There are many teachers. One could look for a long time without finding the right one. In a state like this someone could go from teacher to teacher, changing for a variety of reasons.

Every teacher has something to give a student. But some have only a little. Even by virtue of the fact that the teacher is older or more experienced than the student, they may know something useful at least.

Going from teacher to teacher will produce, at the very least, a succession of these lesser relationships, and will at least ensure some progress in learning. I never heard of anyone getting worse! Though for certain some people do not get much better!

However, the right teacher is always available. But sometimes the path that should lead to them is very busy with distractions.

A good teacher knows you and knows what your weaknesses are. Though they may not show it because not all teachers give everything away for free in the first lesson. Sometimes they feel their wisdom is valuable and you have to study for a while before it starts to come through. But how much you learn is not up to the teacher, it is up to you. If the teacher is limited, then what you learn is certainly limited by that. But a true master is not limited.

A teacher is often old. Because wisdom comes with age. Even doing very little for a long time can produce wisdom! Definitely, though, someone who has looked hard for wisdom could well have found a little more of it as more years have passed by.

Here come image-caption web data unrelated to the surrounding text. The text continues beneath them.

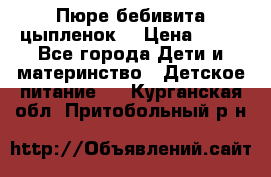 Пюре бебивита цыпленок. › Цена ­ 25 - Все города Дети и материнство » Детское питание   . Курганская обл.,Притобольный р-н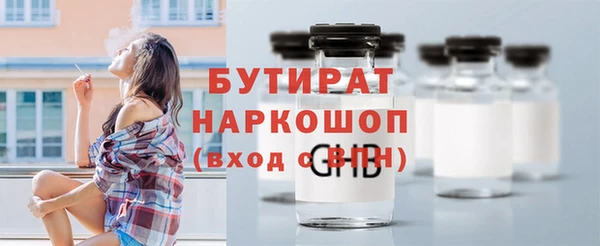дмт Балабаново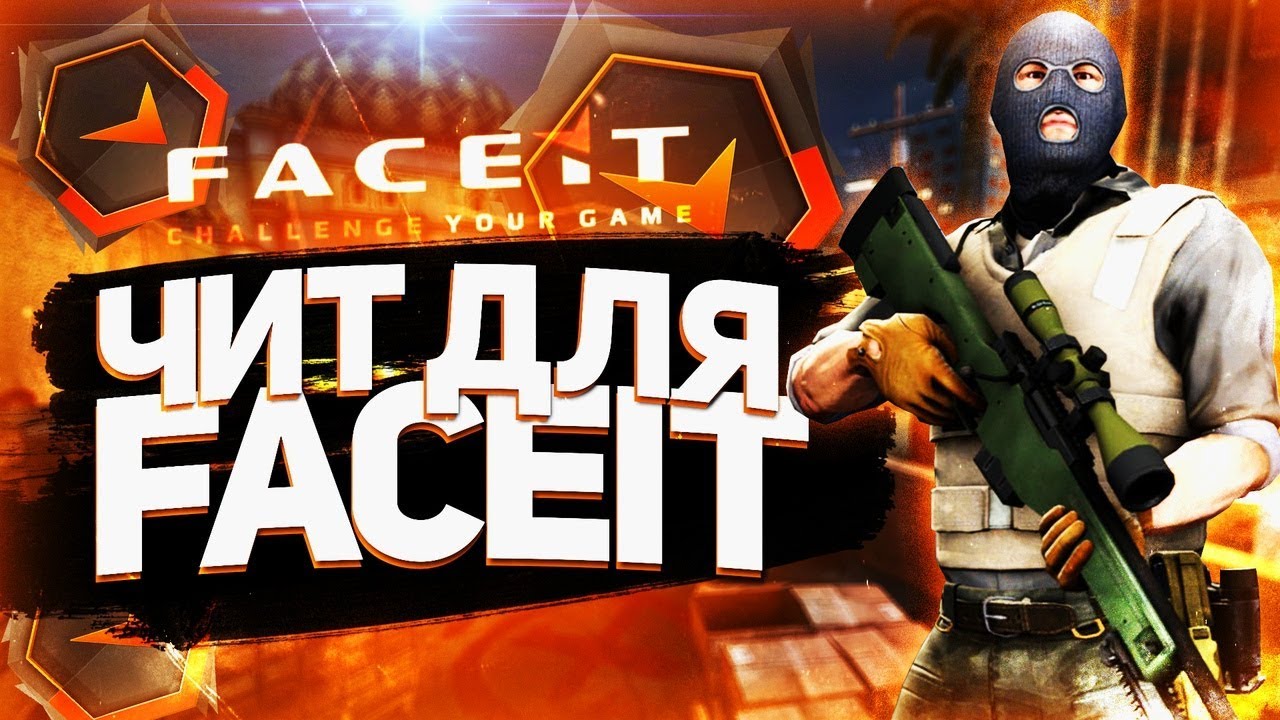 Bypass Faceit Anti-Cheat with a Free Injector and Cheat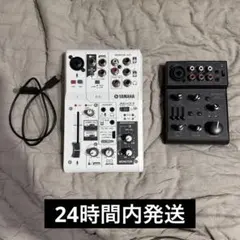 2026年最新】YAMAHA AG03の人気アイテム - メルカリ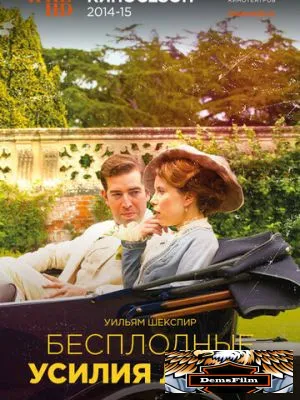 RSC: Бесплодные усилия любви 2015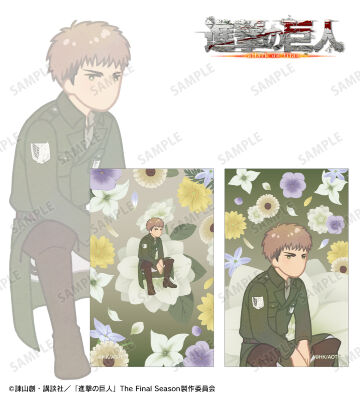 ジャン Botania 第4弾 イラストカード2枚セット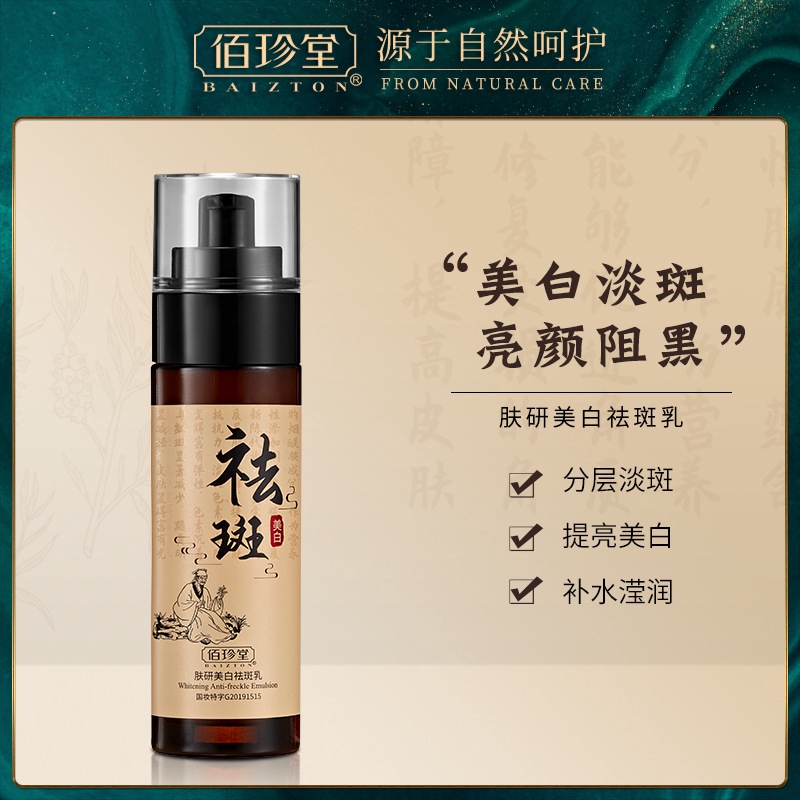 Toner / Lotion / Kem Dưỡng Trắng Da Chiết Xuất Thảo Dược Tự Nhiên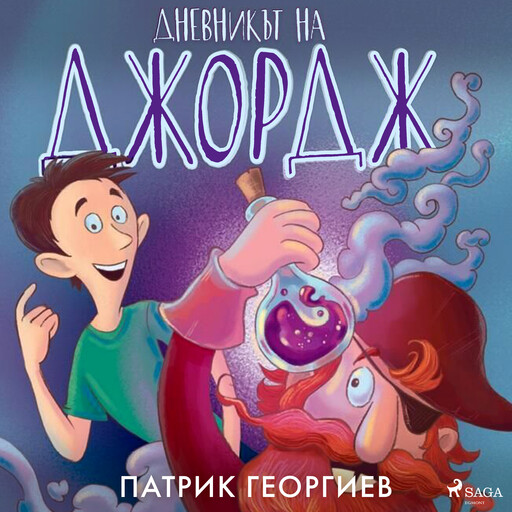 Джордж и вълшебните камъни, Патрик Георгиев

But your teacher could be any age. There is nothing to say they can't be younger than you! It's the soul that guarantees the result, not the age of the body.

Many people find a good teacher. They might perhaps go to a college to study with someone they admire, and they improve and enjoy it. They look back and say how important it was for them. That's positive! Yet others have not flowered in any significant way, so they feel like they never arrived anywhere...and they don't know where they were going!

The journey of learning is complicated, but only if it has become complicated. Remember how well you learned in the first years of your life. That learning continues all through life, but life takes a long time and it is easy to lose track of what you were doing. The plan of finding your talents and developing them to help everyone goes on, even if it only goes on a little way. I wonder, though, how far it could go?

How much you learn is up to you. The student is the one who listens or chooses not to listen. The teacher is prepared to give everything...to the right person. But the student has to be open to the guidance. The trouble is that many people do not listen and do not realise they have got things wrong. They, of course, do not know they need to be guided.

Yet most people are looking to improve, and they listen to help from outside. I think this is wise.

Finding the right teacher is possible. Then learning from them is possible too. But a guide is only guiding you. They are telling you to hold the map the right way up. That should help!

They are guiding.

But you are the one who has to arrive.

But the right teacher would love to help you as much as you will let them. You may have to ask though. Sometimes.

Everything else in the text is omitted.